Alternately it refers to adjacent single endless ropes or cables in contact with supporting rollers or drums. An endless cable may have multiple wraps or multiple single endless cables may be placed next to each other to form a sieve whereby aqueous mixture can pass between the cable wraps and bitumen may be captured by the wraps.
"cateracting slurry" refers an oil sand slurry inside a slurry preparation drum that rotates fast enough that some of the slurry containing lumps of oil sand, rocks and gravel are lifted away from the main slurry bed in the drum and fall back down into the slurry bed. When a slurry drum rotates at about 20 percent of critical speed, the slurry bed represents a tumbling bed in which the slurry tumbles inside the bottom portion of the drum. Current commercial oil sand conditioning drums operate with a gentle tumbling bed to form oil sand slurry and normally do not turn faster than 25%
of the critical drum speed. In a cateracting slurry drum the solids and slurry continuously dropping in free fall from above onto and into the slurry bed of the drum create a zone of very high turbulence that serves to very quickly convert a mixture of oil sand and water into a slurry suitable for separation by an apertured oleophilic screen. Cateracting normally takes place when the critical speed of the drum exceeds 70% of critical speed. However longitudinal flights mounted along the interior of a slurry drum, that serve as lifters of the undigested oil sand ore can induce cateracting in the drum at significantly lower drum speeds, down to 30% of the critical drum speed "critical speed" of an agglomerator drum is the speed of rotation of an agglomerator drum, containing a bed, in which at least 5% of the bed inside the drum remain in contact with the drum wall at all times due to centripetal force and due to adhesion to the drum wall by bitumen at process temperature. For a conical agglomerator drum, critical speed computation of the drum is based on the largest internal diameter of the conical drum. In an agglomeration drum oleophilic adhesion between cylindrical drum surfaces and ball surfaces due to the presence of adhering bitumen will cause the actual critical speed to be lower than what is normally Jan Kruyer, P.Eng. Thorsby, AB.

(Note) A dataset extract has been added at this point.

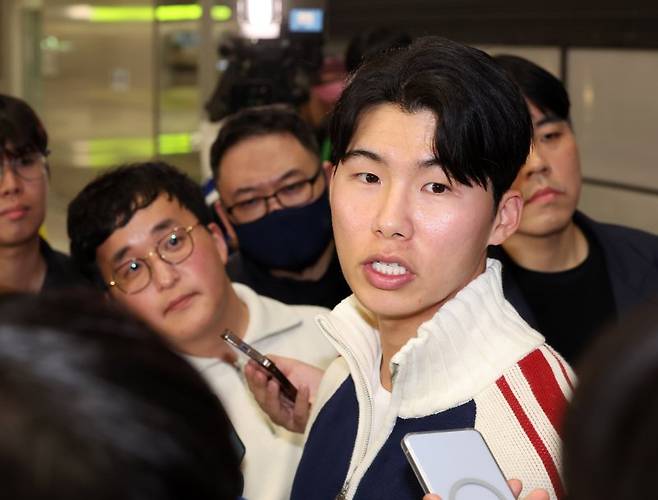 [인천공항=뉴시스] 배훈식 기자 = 미국 메이저리그 월드시리즈 챔피언 LA 다저스의 김혜성이 6일 오후 인천국제공항을 통해 귀국하며 취재진의 질문에 답하고 있다. 2025.11.06. dahora83@newsis.com /사진=뉴시스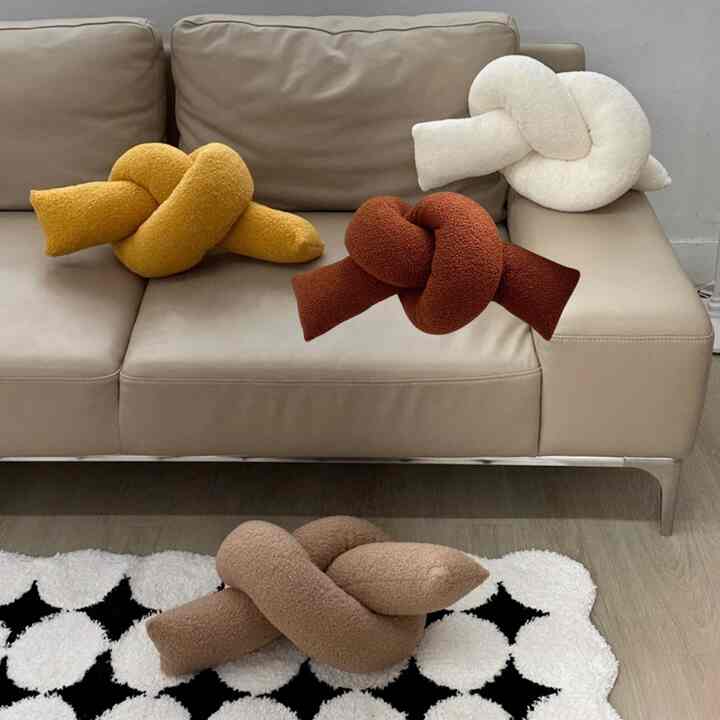 Knot Pillow (5 colors)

calculated as the critical speed of a drum. Below the critical speed the contents tumble inside the drum and do not remain attached to the drum wall at the top of a horizontal drum. The critical speed of an agglomeration drum is different from the critical speed of an ablation drum. In an ablation drum for producing oil sand slurry, bitumen adhesion normally does not have a major effect on the definition of the critical speed of an ablation drum since the bulk of coarse slurry solids do not adhering to bitumen. Thus, the critical speed of an ablation drum normally is higher than the critical speed of an agglomerator drum since agglomerating bitumen is viscous and bitumen coated balls tend to stick to the cylindrical agglomerator wall and take more time to fall away from the wall near the top of the drum than water wetted coarse solids that revolve and tumble in the drum without major bitumen adhesion. The critical speed for an agglomerator drum is defined in these specifications as the surface speed of the inside cylindrical wall of the drum at which balls of specific gravity in excess of 3 and larger than one centimeter in average size remain adhering at all times to the inside cylindrical wall of the drum in the presence of bitumen at the operating temperature of the drum contents. Below the critical speed the bed of balls tumbles inside the rotating drum. For an ablation drum the critical speed is defined as the surface speed of the inside cylindrical wall of the drum at which water wetted gravel larger than one centimeter in average size remains adhering at all times to that inside cylindrical drum wall in the presence of bitumen at the operating temperature of the drum contents. Critical speed may be expressed in RPM, RPS or in surface speed of the inside drum wall for a given drum inside diameter at a selected internal location in the drum away from the end walls.
For a drum that is not conical in shape this internal location may be at any place on the inside cylindrical wall but not in close proximity to the end walls.
"cylindrical" as used herein indicates a generally elongated shape having a circular cross-section of approximately constant diameter.

"de-bituminized" or debituminized refers to a mixture, slurry or suspension from which bitumen has been at least partly removed.
"digested" as used herein refers to the condition of a slurry of oil sand and water that has been ablated sufficiently to be suitable for separation into bitumen Jan Kruyer, P.Eng. Thorsby, AB.
product and de-bituminized tailings effluent after oversize has been removed before such separation.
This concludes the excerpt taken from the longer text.